Glass Collecting for Beginners
Hello and welcome! For those interested in glass collecting then we have some advice for you, whether you have money to invest or are looking to collect glass on a budget or even for free!
For those of you fortunate enough to have money to invest, you will be pleased to know that, as well as having some wonderful pieces of objet d’art to feast your eyes upon, you will have a solid investment that should return around 20% per annum.
The best place to add to your glass collection is, of course, here at Boha Glass (well, we would say that, wouldn’t we! :-). But some other great alternatives include specialist glass fairs, and antique and collectors fairs. These are well worth a visit, and you can enjoy a little trip to another part of the country and see all your favourite glass all in one place.

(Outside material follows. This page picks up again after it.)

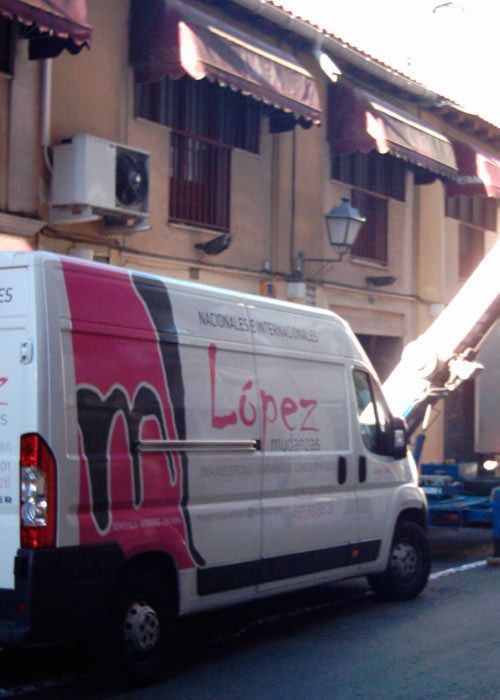 Una furgoneta blanca con el logo rosa y negro de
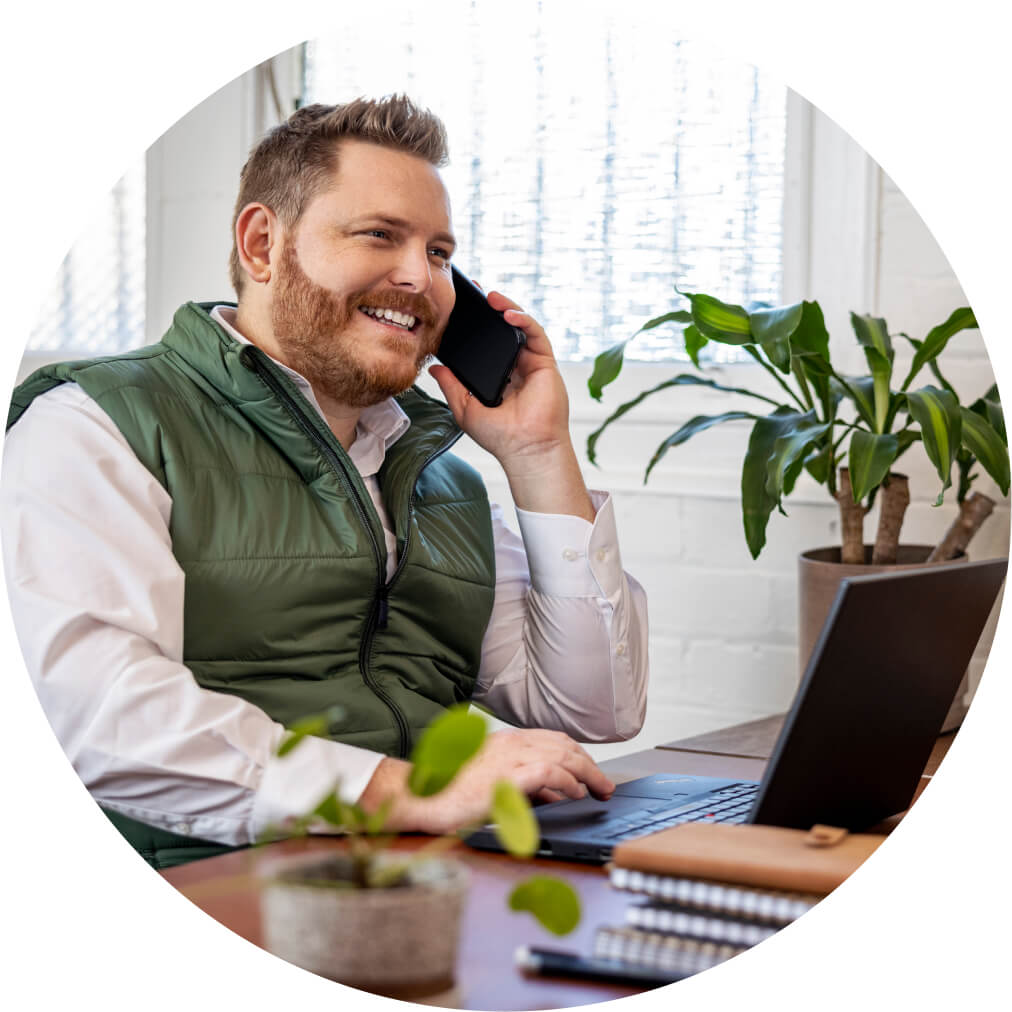 Accountant discussing advisor-only pricing with QuickBooks Online client support over the phone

For those not able or willing to travel to add to their collection, there is a wealth of art glass to be bought online. Ebay often have some great pieces in their online auctions, and you can use software like Auction Sniper to help you place a winning bid.
There are also many other online auctions, from local auction houses that use auction software to post their smaller auctions online to get a bigger audience, to large established online auctions where you can buy glass from the comfort of your living room.
If you don’t have the capital to invest in a glass collection then you can get your hands dirty and find lots of glass for free.
Mudlarking is where you look for glass in the mud of rivers at low tide. Lots of amazing items can be found, not just glass, but you can find some lovely old bottles. More often than not, they will be broken, but just occasionally you can pull a perfect piece out of the soft mud.
I thought I had found a complete 18th Century Rum bottle recently, but as I dug deeper around the edges I realised it was just the bottom half. It still looked beautiful though.
As well as glass, you will likely find a lot of old clay pipes and things like buttons and buckles, but they are all interesting in their own right.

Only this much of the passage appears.